Stevens, who last week announced he would step down in mid-April as assistant secretary for the Department of Housing and Urban Development (HUD) and commissioner of the Federal Housing Administration (FHA), will join the MBA as president and chief executive June 1, the group said Tuesday.
"There is a year that he cannot engage with HUD but he can talk to them casually," said David Kittle, senior director of industry relations at IMARC, a mortgage fraud investigation company, and a former MBA chairman who serves on the trade group's nominating committee.
Federal ethics rules restrict senior government officials from lobbying their former agencies for one year after leaving in a "cooling off" period to avoid the appearance of a conflict of interest.
However, when President Obama took office, he extended those restrictions to two years for senior government employees. The rules do not limit what business or group a government official can work for but rather what they can do when once they get there, said a spokesman for the Office of Government Ethics.
Before accepting the MBA job, Stevens worked with HUD's general counsel to make sure he followed any ethics rules, a HUD spokesman said. There also are conflict-of-interest restrictions on negotiating future employment while serving as a public official.
Stevens also may have to recuse himself on a wide range of matters involving HUD beyond simply having an arm's-length relationship with his former agency, the HUD spokesman said.
The FHA has grown in importance during the housing crisis and now insures 30% of all mortgages, up from just 3% in 2006. In addition, HUD is involved in a wide range of issues that the MBA regularly deals with, including the Real Estate Settlement Procedures Act rules covering mortgage disclosures and consumer protections under the Truth-in-Lending Act.

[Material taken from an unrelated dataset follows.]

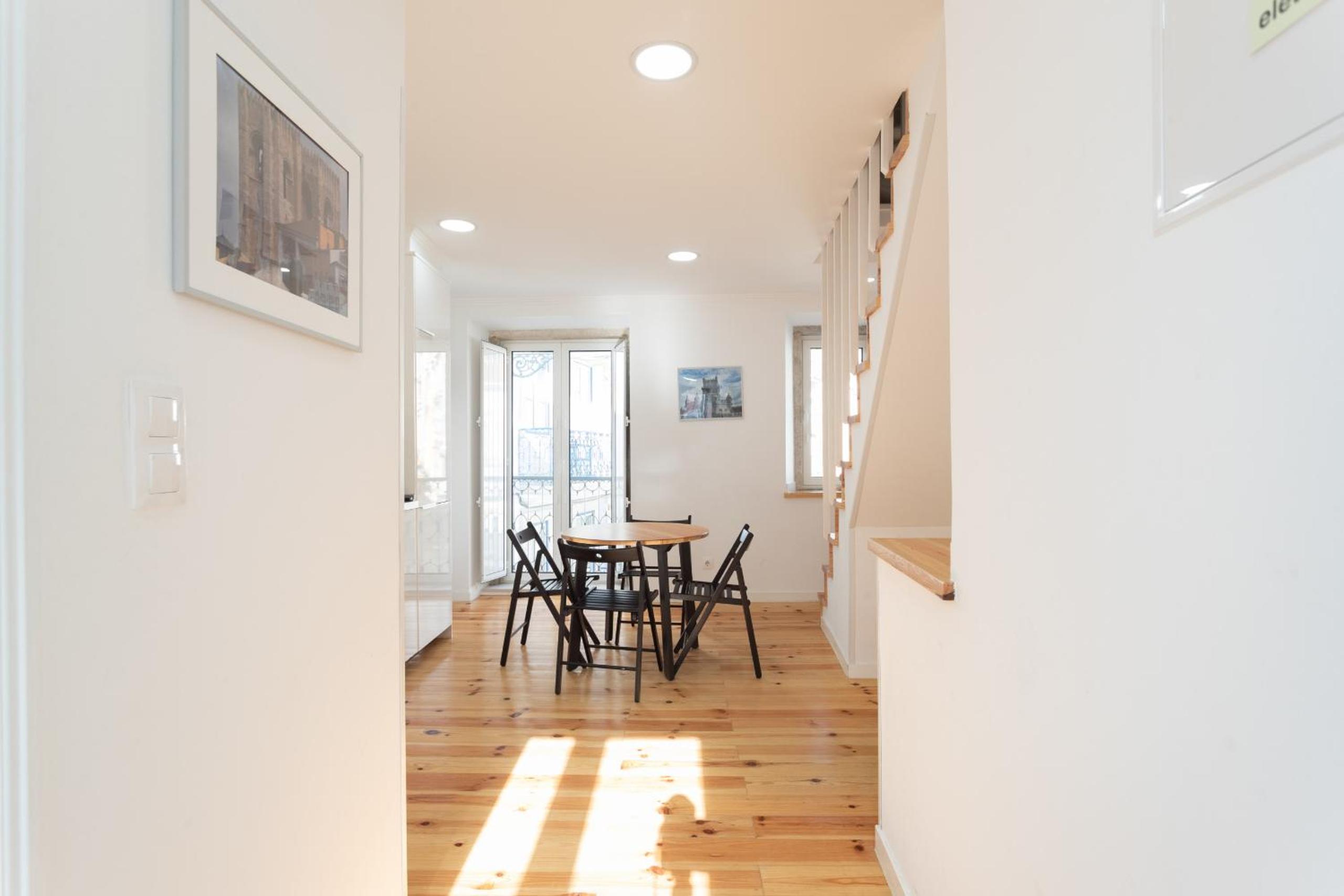 FLH Mouraria Charming Flat III view 5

Hence it will be a delicate balancing act for Stevens to avoid discussing issues any matters involving HUD or the FHA in his new job, some mortgage lenders said.
"FHA is the primary take-out for purchase money business, so the MBA would be interested in that," said David Zugheri, president of the Houston lender Envoy Mortgage. "Will he find himself at a table with people from his former employer? No question. How do they get around that?"

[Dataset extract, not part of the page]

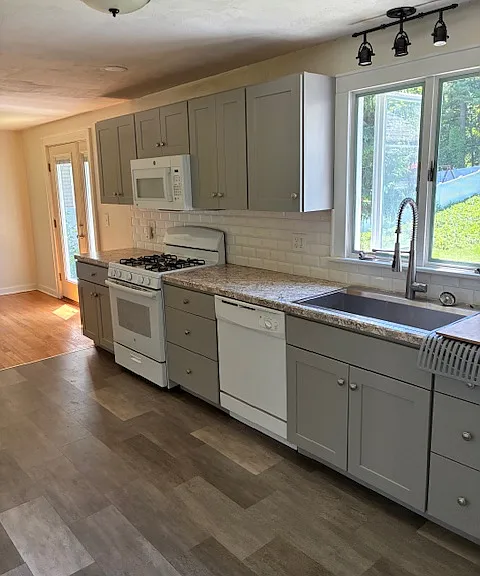 510 Meadow Rd — Photo 7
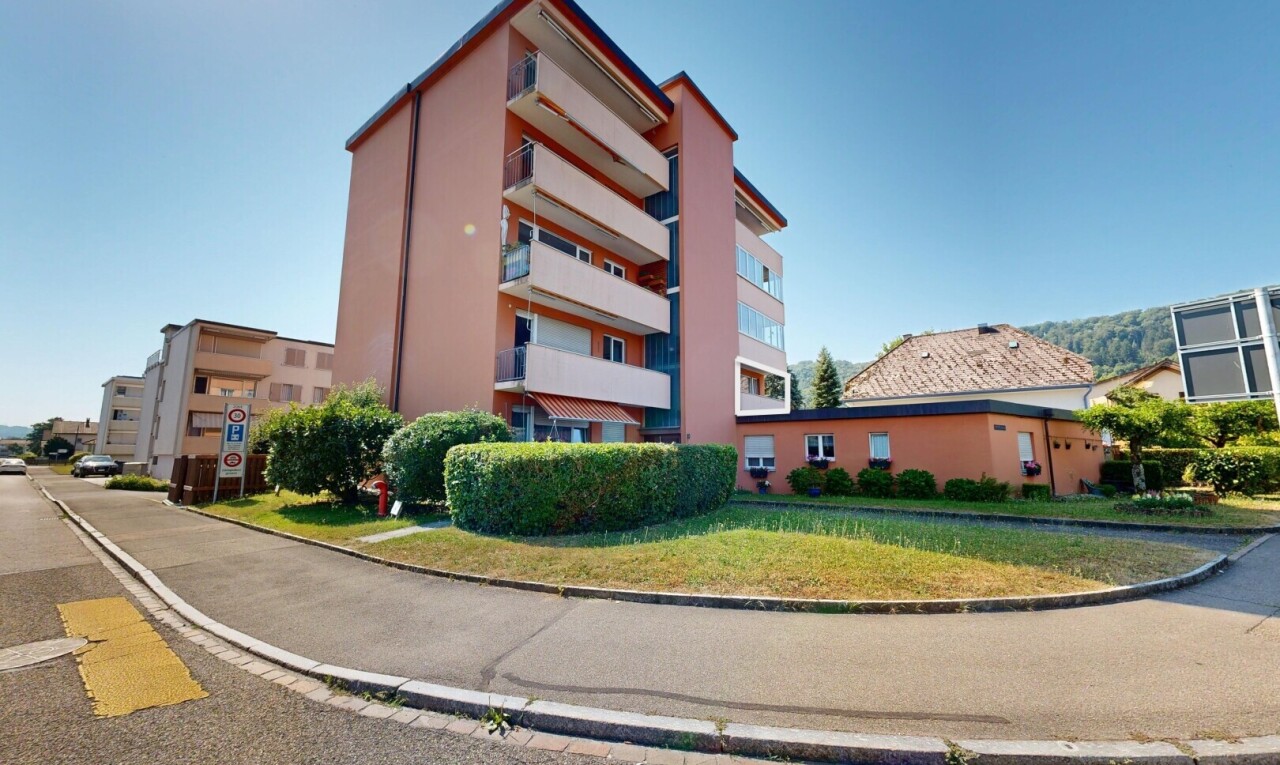 außenansicht mit day time, blick auf wohnanlage, apartment complex view, und from community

Zugheri said that even though the MBA has its own team of lobbyists, Stevens "could sit back and not physically approach anyone, but could he influence lobbying efforts? The answer to that is, 'I'm sure.' "
The MBA did not respond by press time to calls seeking comment. Stevens will succeed John Courson, who joined the MBA as chief operating officer in 2008, and helped return the trade group to profitability.
Jan Witold Baran, who heads the government ethics practice at Wiley Rein & Fielding in Washington, said Stevens will be restricted from lobbying HUD, the FHA or the Obama administration, but he can still lobby Congress.
"He's barred from representing them [the MBA] back to his original agency under the law but he also is subject to an ethics pledge under the Obama administration executive order which prevents him from lobbying the administration during the duration of the presidency," Baran said.